Martina Chiacchio, palermitana classe 2000, è la protagonista del nostro appuntamento settimanale in cui andiamo a conoscere da vicino i campioni assoluti FIPE 2023. Martina ha conquistato il titolo lo scorso dicembre nella categoria fino a 64 kg con un totale di 203 kg, 93 kg di strappo e 110 kg di slancio.

“Non ho un gran ricordo di quella gara, non è andata come avrei voluto nonostante la preparazione fosse stata intensa, anche con carichi superiori. Avevo dei forti dolori alla schiena e soprattutto nello slancio non sono riuscita a fare quanto volevo, non sono andata oltre la prima alzata, a 110; ho portato a termine la gara ma non sono soddisfatta dei kili. Anche perché pochi mesi prima avevo vinto due medaglie di bronzo all’Europeo Under 23 con carichi superiori, con una grande prova di slancio soprattutto; agli Assoluti ero addirittura più preparata e pronta rispetto agli Europei ma le cose non sempre vanno come si vuole, anche perché gli infortuni sono imprevedibili e ogni gara è a sé. Comunque, si va avanti cercando sempre di migliorarsi: all’ultima competizione sono riuscita a fare un totale di 210, e ho dimostrato che il lavoro che era stato fatto nei mesi precedenti ha portato a dei risultati.

In pedana Martina dimostra sempre grande professionalità e freddezza. È tutto vero o c’è dell’altro?

Sicuramente un po’ d’ansia c’è, sia prima che durante la gara ma questo mi porta a spingere di più in pedana. Anche perché bisogna sempre fare i conti con il vissuto di quel giorno, il proprio stato psicofisico. Quel che è certo è che in competizione cerco sempre di dare il massimo, rimanendo concentrata su quello che sto facendo: sono convinta che quello che si fa in gara non è diverso da quello che si fa quotidianamente in allenamento, non occorre inventarsi nulla, ma solo dimostrare il lavoro fatto.

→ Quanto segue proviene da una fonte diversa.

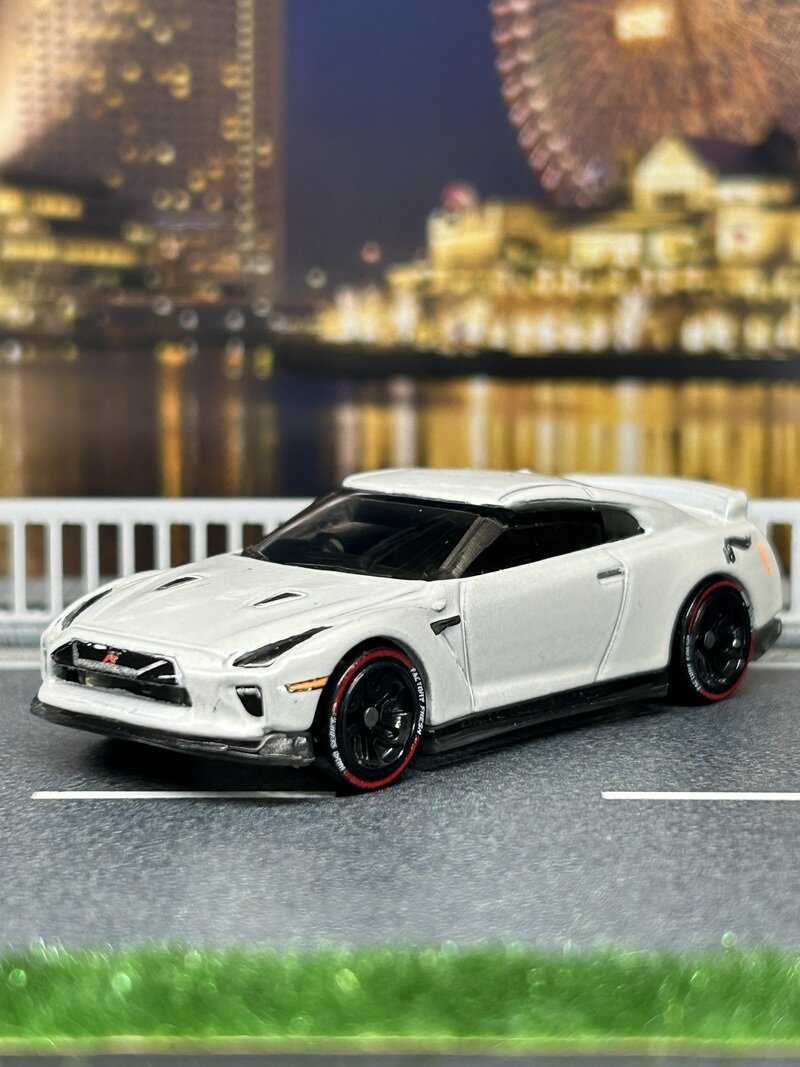 17 NISSAN GT-R (R35)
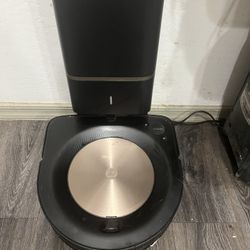 Roomba S9 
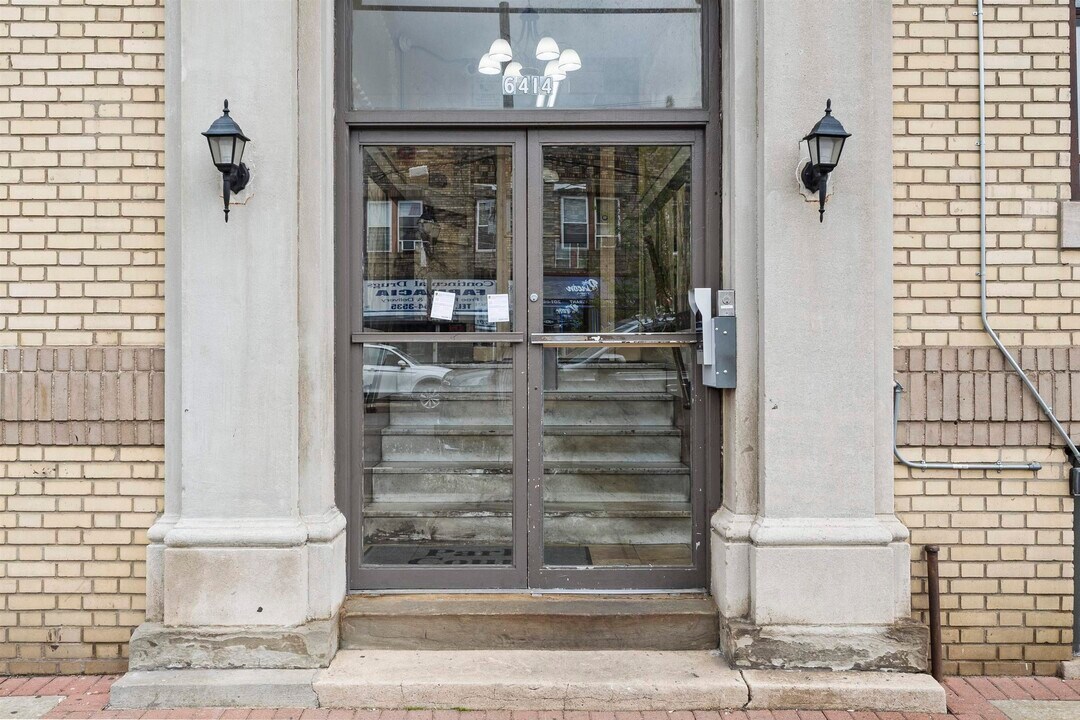 6414 Park Ave in West New York, NJ - Building Photo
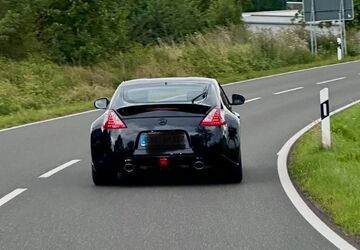 Nissan 370Z 14.400 km 32.499 &euro; Nassau 56377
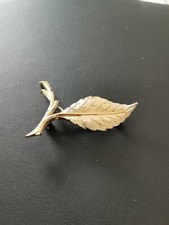 VINTAGE CIRO GOLD TONE LEAF BROOCH PIN signed Ciro 94581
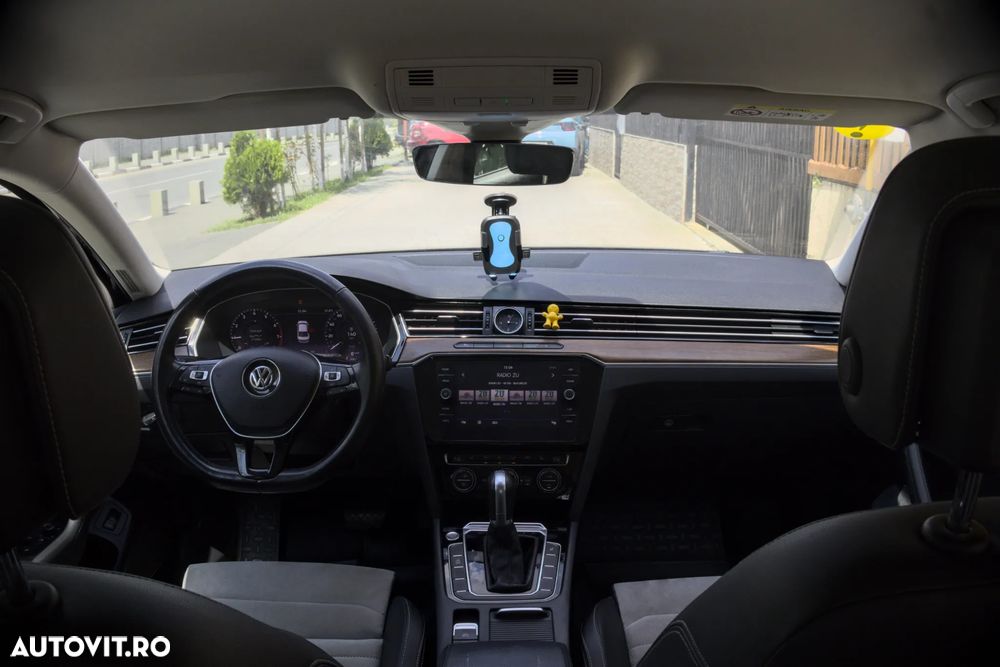 Volkswagen Passat - 7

Martina, classe 2000, ha iniziato a fare pesistica olimpica ‘da grande’.

Sì, ho iniziato solo tre anni fa ma i risultati si sono visti velocemente anche perché prima facevo crossfit; la parte che mi piaceva di più ovviamente era quella con il bilanciere ma quando ho deciso di dedicarmi solo al weightlifting sono migliorata molto, anche grazie al mio allenatore, Marco Radicello.

Davanti a Martina, nella 64 kg, c’è un mostro sacro della pesistica mondiale, Giorgia Bordignon, argento a Tokyo 2020 con 232 kg

Si punta a quegli obiettivi; ci vuole tempo e anche tanto duro lavoro ma speriamo un giorno di poterci arrivare.

Duro lavoro che non spaventa Martina che, contemporaneamente all’attività di pesista, è una studentessa di criminologia.

Non ho mai avuto tantissimo tempo per dedicarmi al mio percorso universitario, ho dovuto abbandonare gli studi di giurisprudenza che avevo iniziato all’Università pubblica per passare alla telematica ma nonostante questo ho voluto continuare a studiare perché credo che le due cose si possano conciliare e possano coesistere. Ora il percorso si sta concludendo, tra due mesi discuterò la tesi e credo poi di proseguire con la magistrale.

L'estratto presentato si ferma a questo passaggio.